This is despite the fact that during his visit to Beijing earlier this month, US Defense Secretary Robert Gates and his hosts made new pledges to boost confidence-building measures, including establishing a military-to-military hotline. On a deeper level, the Kitty Hawk incident reflected Beijing’s anger at Washington’s plan to sell Taiwan a $940 million upgrade to its Patriot II anti-missile shield. Beijing apparently also wanted to protest President George W Bush’s presence at a congressional ceremony last month honoring the Dalai Lama, leader of Tibet’s pro-independence movement and deemed a “separatist” by Beijing.

There are also indications that this stupendous muscle-flexing was targeting more than the usual suspects; for examples Taiwan and the United States. Parts of the exercises took place close to the disputed Paracel Islands, including the Hoang Sa and Truong Sa archipelagos in the South China Sea, a few islets whose sovereignty is claimed by Vietnam. Last Friday, the Vietnamese Foreign Ministry pointed out that the war games were a “violation of Vietnam’s sovereignty”.

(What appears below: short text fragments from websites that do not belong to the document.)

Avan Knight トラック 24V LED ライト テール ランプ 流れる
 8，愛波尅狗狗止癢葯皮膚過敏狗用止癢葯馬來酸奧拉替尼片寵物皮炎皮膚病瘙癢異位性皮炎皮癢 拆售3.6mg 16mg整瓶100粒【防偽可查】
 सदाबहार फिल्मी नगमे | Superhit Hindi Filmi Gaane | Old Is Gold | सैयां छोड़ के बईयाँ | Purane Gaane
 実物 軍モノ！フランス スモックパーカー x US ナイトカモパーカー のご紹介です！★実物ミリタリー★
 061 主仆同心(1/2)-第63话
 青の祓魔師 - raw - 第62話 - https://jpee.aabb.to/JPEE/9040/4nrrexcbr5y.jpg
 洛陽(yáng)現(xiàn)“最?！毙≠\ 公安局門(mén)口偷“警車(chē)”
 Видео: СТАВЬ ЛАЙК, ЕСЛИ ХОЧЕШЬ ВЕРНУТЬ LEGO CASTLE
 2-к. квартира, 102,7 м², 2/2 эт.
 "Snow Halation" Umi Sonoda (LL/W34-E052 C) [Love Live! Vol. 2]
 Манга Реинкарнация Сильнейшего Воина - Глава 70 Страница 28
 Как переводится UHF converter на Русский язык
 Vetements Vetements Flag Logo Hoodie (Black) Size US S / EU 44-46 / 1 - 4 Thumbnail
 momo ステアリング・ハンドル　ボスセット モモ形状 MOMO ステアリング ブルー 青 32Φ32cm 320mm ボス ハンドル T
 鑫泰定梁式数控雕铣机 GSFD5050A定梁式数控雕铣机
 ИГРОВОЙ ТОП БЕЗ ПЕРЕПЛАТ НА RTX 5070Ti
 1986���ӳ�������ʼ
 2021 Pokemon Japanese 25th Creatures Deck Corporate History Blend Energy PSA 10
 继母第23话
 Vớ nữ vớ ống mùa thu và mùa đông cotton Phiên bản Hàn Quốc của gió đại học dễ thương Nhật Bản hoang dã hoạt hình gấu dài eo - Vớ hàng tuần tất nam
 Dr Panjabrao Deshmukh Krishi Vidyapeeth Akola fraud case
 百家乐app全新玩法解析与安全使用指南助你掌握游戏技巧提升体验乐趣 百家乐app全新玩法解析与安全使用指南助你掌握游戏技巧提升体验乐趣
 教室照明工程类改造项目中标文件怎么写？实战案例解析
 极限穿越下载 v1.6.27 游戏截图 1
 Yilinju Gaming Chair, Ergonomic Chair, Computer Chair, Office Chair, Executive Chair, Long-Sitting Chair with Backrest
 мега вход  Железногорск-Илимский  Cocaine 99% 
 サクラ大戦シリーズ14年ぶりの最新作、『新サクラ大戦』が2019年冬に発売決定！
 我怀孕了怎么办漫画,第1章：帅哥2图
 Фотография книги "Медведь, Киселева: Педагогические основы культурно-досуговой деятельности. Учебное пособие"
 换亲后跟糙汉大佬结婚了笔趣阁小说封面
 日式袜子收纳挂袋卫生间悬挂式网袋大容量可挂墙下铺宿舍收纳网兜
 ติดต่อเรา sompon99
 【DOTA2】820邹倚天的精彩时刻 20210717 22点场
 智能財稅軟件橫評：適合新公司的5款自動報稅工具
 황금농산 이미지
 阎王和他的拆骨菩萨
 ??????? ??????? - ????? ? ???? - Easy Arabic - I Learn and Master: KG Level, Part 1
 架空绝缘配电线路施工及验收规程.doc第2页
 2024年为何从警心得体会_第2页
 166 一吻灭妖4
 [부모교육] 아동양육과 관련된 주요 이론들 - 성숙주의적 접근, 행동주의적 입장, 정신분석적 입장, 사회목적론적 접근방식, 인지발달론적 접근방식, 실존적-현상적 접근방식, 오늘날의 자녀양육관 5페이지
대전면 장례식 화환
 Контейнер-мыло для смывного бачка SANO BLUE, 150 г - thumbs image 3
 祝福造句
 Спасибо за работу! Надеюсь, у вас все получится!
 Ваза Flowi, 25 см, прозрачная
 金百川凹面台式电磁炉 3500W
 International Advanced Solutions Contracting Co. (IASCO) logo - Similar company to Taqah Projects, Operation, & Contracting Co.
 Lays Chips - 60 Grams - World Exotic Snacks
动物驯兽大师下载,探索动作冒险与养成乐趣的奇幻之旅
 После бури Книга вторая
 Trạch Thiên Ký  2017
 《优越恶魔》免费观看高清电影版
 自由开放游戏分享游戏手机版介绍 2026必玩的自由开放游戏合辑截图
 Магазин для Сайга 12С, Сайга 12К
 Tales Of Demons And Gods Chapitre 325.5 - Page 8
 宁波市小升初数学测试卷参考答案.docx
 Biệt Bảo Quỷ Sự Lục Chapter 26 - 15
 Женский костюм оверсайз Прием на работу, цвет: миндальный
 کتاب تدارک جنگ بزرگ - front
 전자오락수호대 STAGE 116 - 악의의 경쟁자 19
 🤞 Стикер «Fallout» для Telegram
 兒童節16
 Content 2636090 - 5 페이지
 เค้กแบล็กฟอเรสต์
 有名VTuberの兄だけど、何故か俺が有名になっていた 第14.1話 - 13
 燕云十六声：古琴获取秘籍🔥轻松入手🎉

So what does all this have to do with magnets? Given my involvment now with wind energy the pricing and availability of magnets has brought some alarming issues to my attention. It so happens that high gauss magnets such as rare earth neodymiums used in my work are locked up by the Chinese, the causes of which can be traced back decades and directly tied to profits of US corporations. Today our missile guidance systems, jet fighters, defense monitoring, almost everything the military uses is beholden to little magnets that can only be got from China!